Image-text web data:
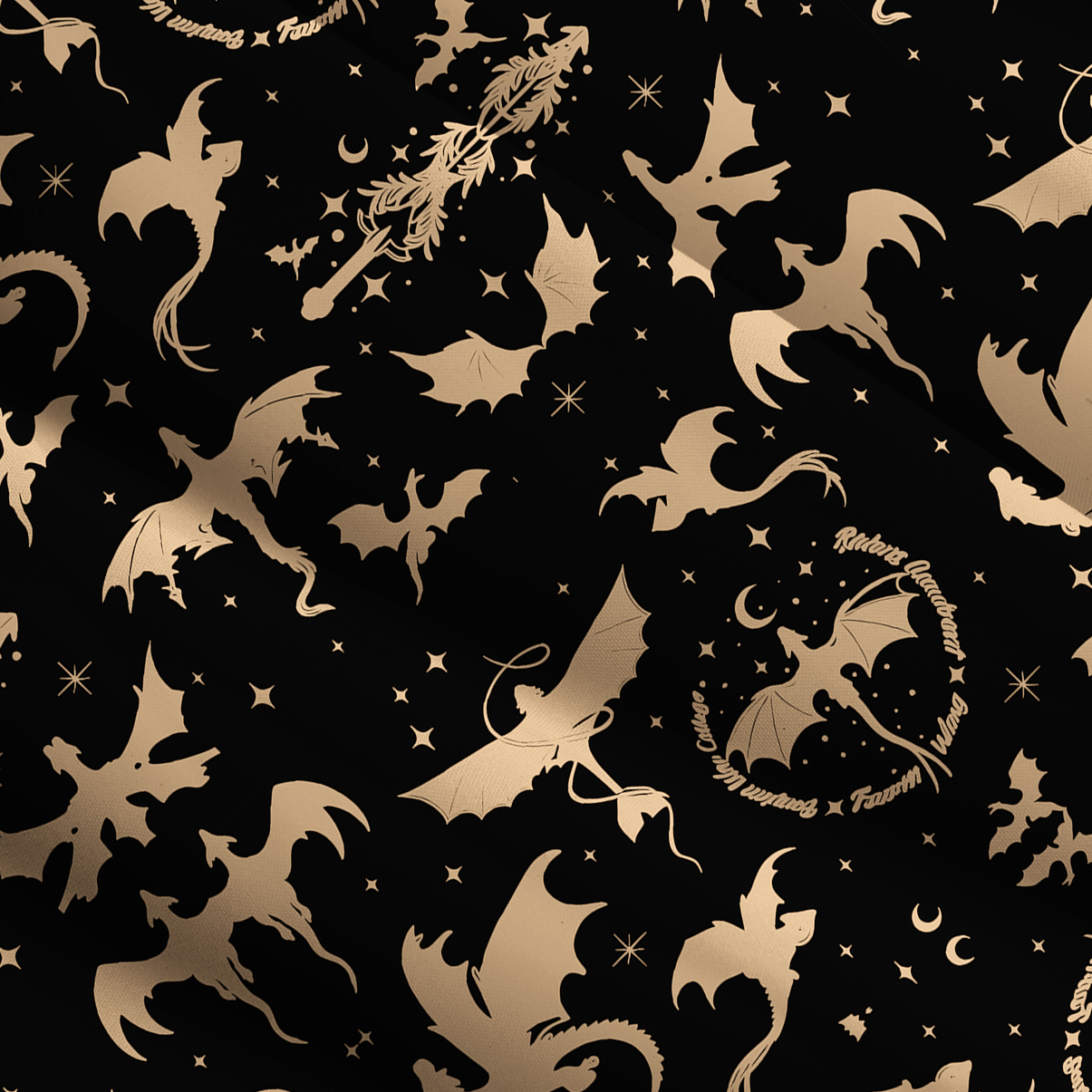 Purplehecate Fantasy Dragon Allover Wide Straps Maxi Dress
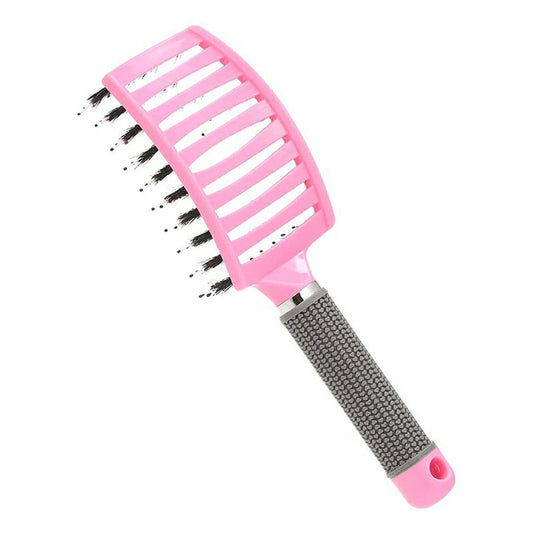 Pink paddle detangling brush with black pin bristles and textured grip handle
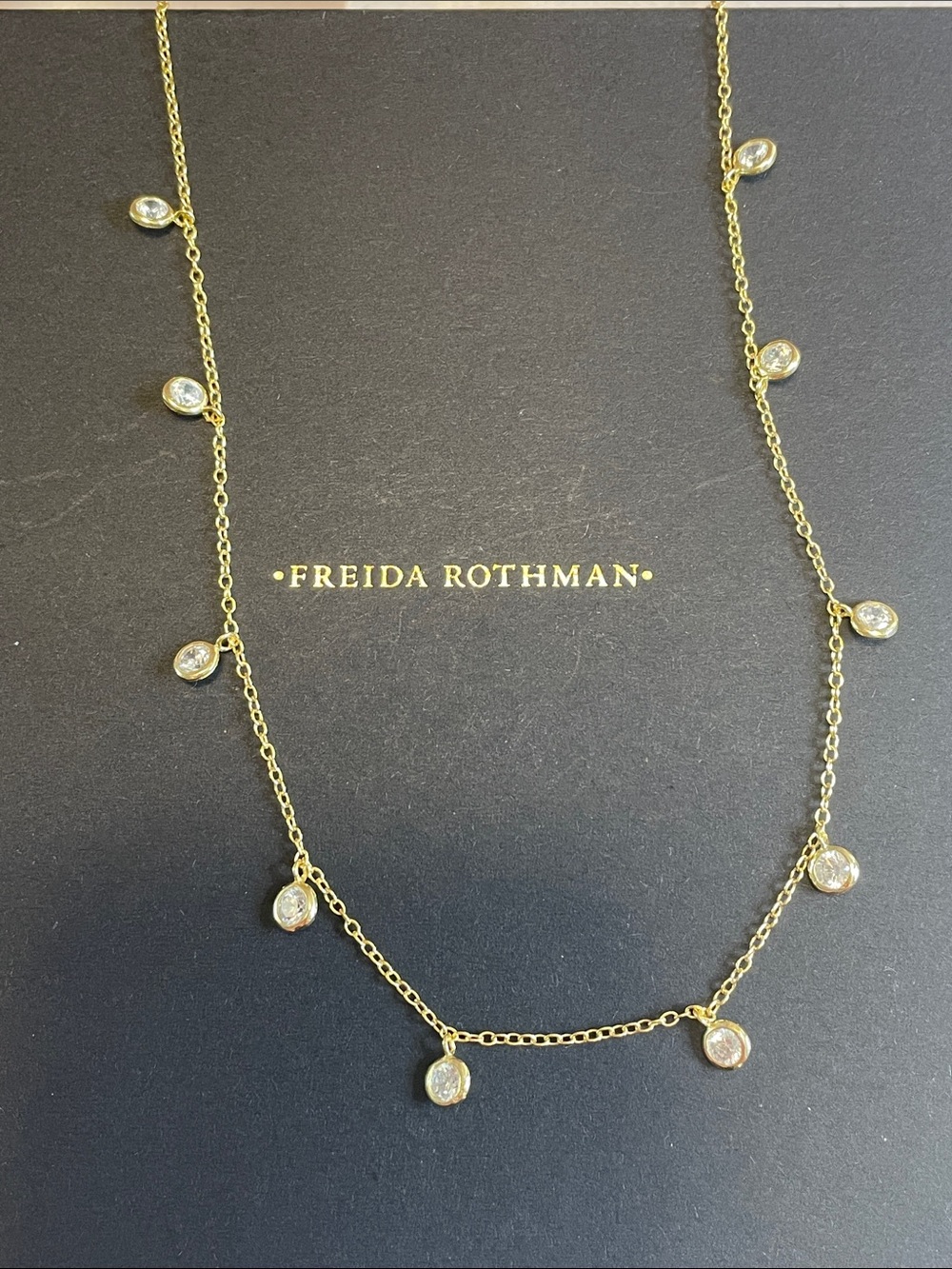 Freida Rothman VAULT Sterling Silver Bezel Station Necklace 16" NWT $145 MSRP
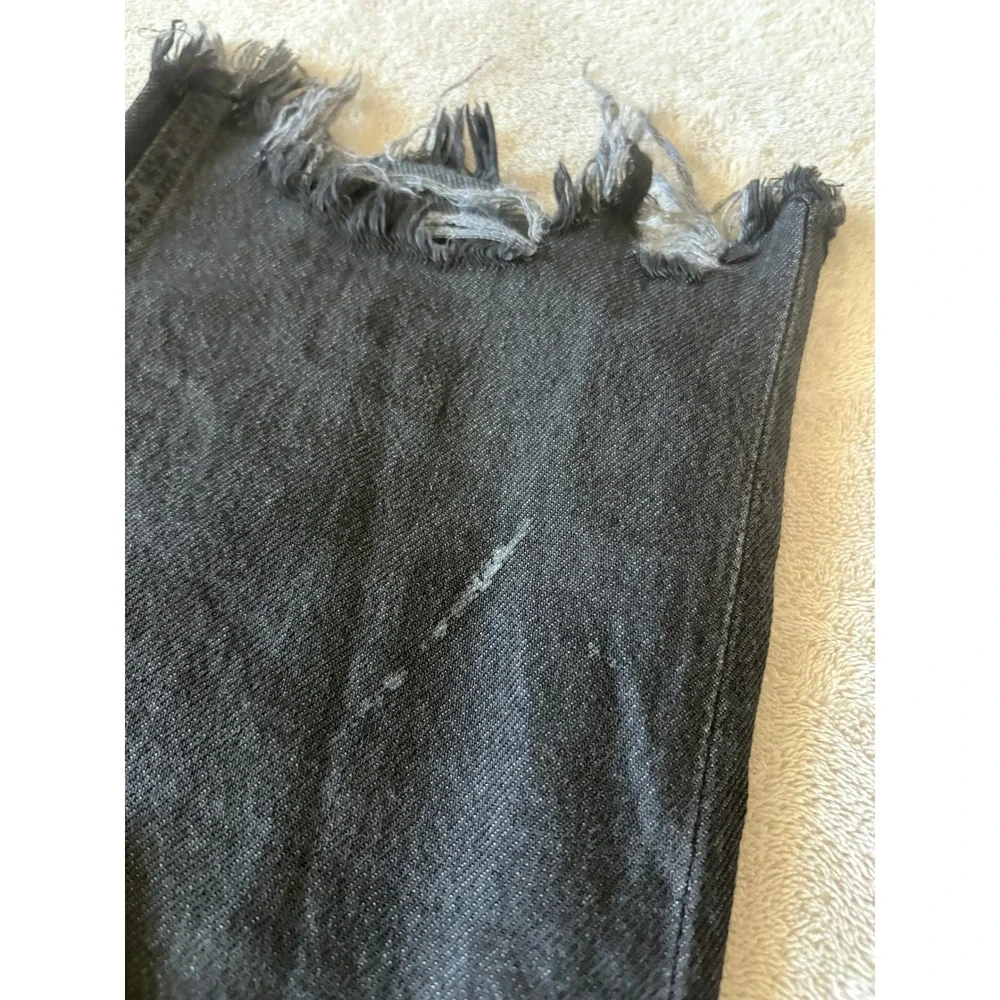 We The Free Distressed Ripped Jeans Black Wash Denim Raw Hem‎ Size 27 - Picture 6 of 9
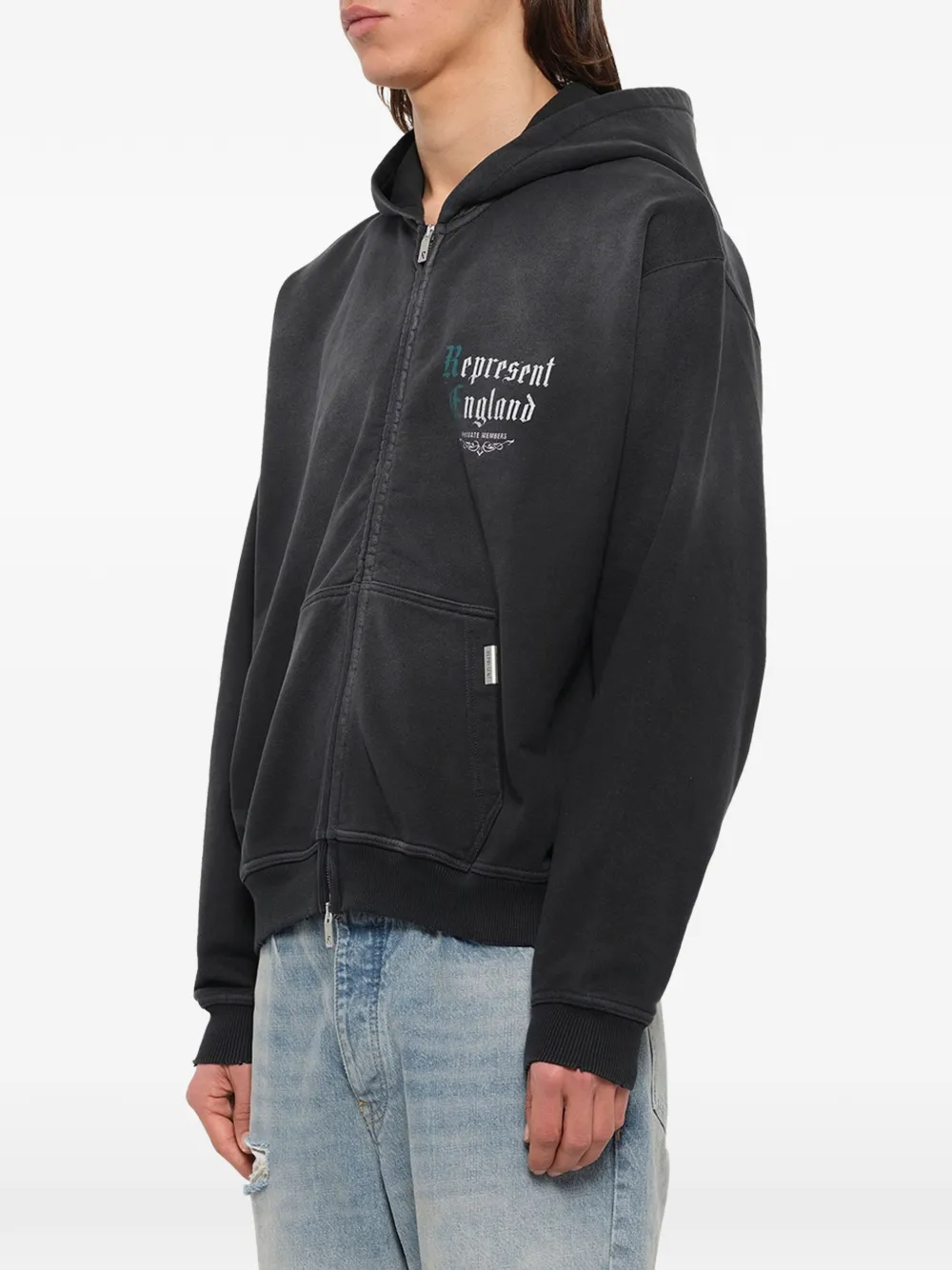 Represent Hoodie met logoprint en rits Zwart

• **Activity**
Omit all pictures and write out, exactly, only the lines from the line containing "Freida Rothman VAULT" through the last line of the entries above.

• **Reply**
 Freida Rothman VAULT Sterling Silver Bezel Station Necklace 16" NWT $145 MSRP
 We The Free Distressed Ripped Jeans Black Wash Denim Raw Hem‎ Size 27 - Picture 6 of 9
 Represent Hoodie met logoprint en rits Zwart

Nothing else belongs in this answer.